Itu bukan vandalisme. Itu pembebasan.

Ketika Hidup Terasa Seperti Mesin

Kenapa kekerasan muncul? Karena hidup kita makin lama makin mirip mesin. Bangun, kerja, makan, tidur. Terus berulang. Jean-Paul Sartre menyebut ini sebagai nausea—mual eksistensial. Lo ngerasa hidup lo gak ke mana-mana. Gak nyambung sama apa-apa.

Dalam kondisi itu, dorongan buat ngerusak bukan cuma soal politik, tapi soal bertahan. Untuk tetap waras, seseorang kadang butuh bikin keributan, butuh ngerasain intensitas. Bahkan kalau itu datang dari pecahan kaca atau asap terbakar.

Apakah ini pilihan atau keputusasaan?

Di sini kita perlu tanya: apakah kekerasan ini kita pilih, atau kita dipaksa? Apakah negara, dengan represi dan ketidakpeduliannya, bikin rakyat gak punya jalan lain selain ngamuk?
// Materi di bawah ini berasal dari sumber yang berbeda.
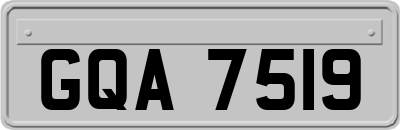 GQA7519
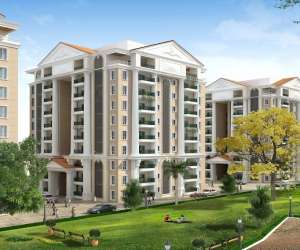 2 BHK  1378 Sqft Apartment for sale in  Jain Heights East Parade in CV Raman Nagar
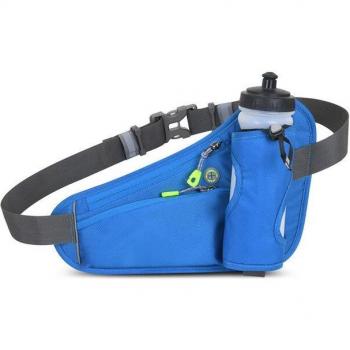 Bolsa de Hidratación para Running y Ciclismo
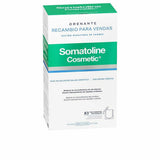 Lait corporel Somatoline Ventes Drainants 6 Unités Réducteur (6 uds)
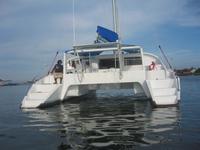 Professional Marine Industries KSS46 Click to launch Larger Image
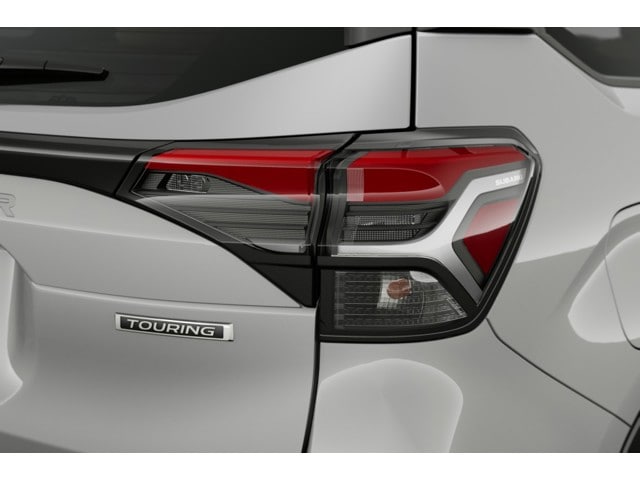 2026 Subaru Forester Touring - Photo 13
Kalau semua ruang ekspresi ditutup, kalau suara-suara dibungkam, kalau aturan cuma jadi alat buat jaga status quo, maka kehancuran bukan lagi pilihan sadar. Ia jadi keniscayaan.
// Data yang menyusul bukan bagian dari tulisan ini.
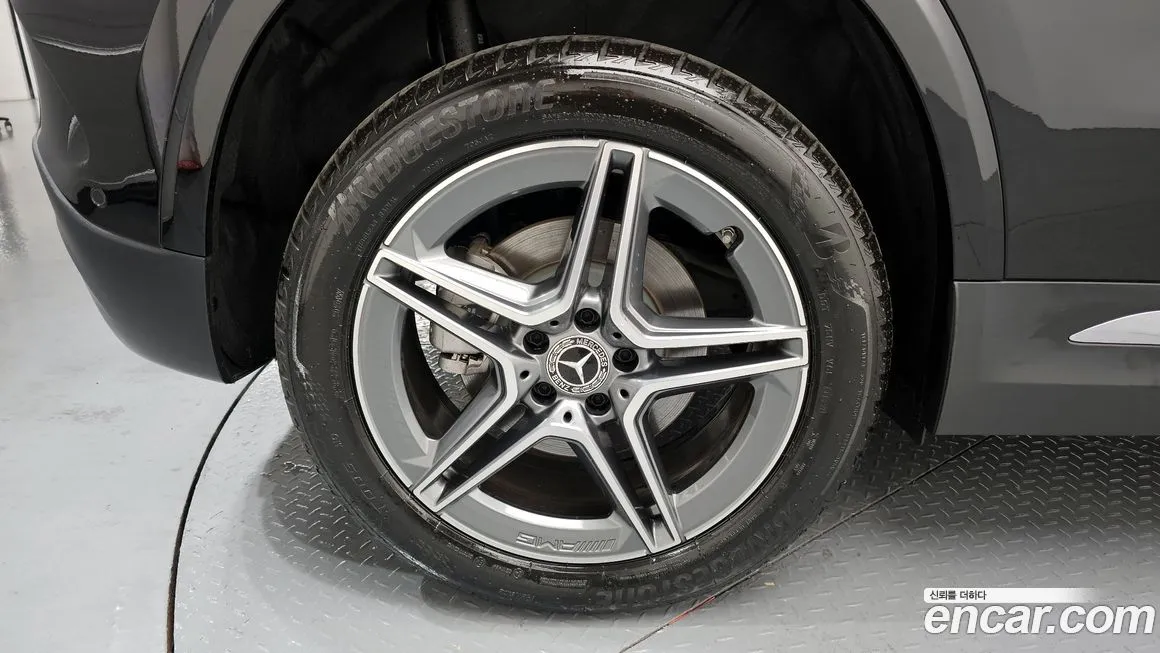Mercedes-Benz GLA-Class 2025 из KR, фото 5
Dan ketika itu terjadi, jangan salahkan mereka yang melempar batu. Salahkan sistem yang bikin mereka gak punya pilihan selain melawan.

Penutup

Dalam kaca mata Bataille, kekerasan dalam demonstrasi bukan soal benar atau salah. Ia soal hasrat, pelepasan, dan pengalaman menjadi manusia seutuhnya—bukan bagian dari mesin. Ketika negara jadi tuli, hukum jadi alat represi, dan hidup jadi monoton, maka kehancuran jadi bentuk bahasa paling jujur.

Bukan karena kita gila. Tapi karena kita akhirnya ingin merasa hidup.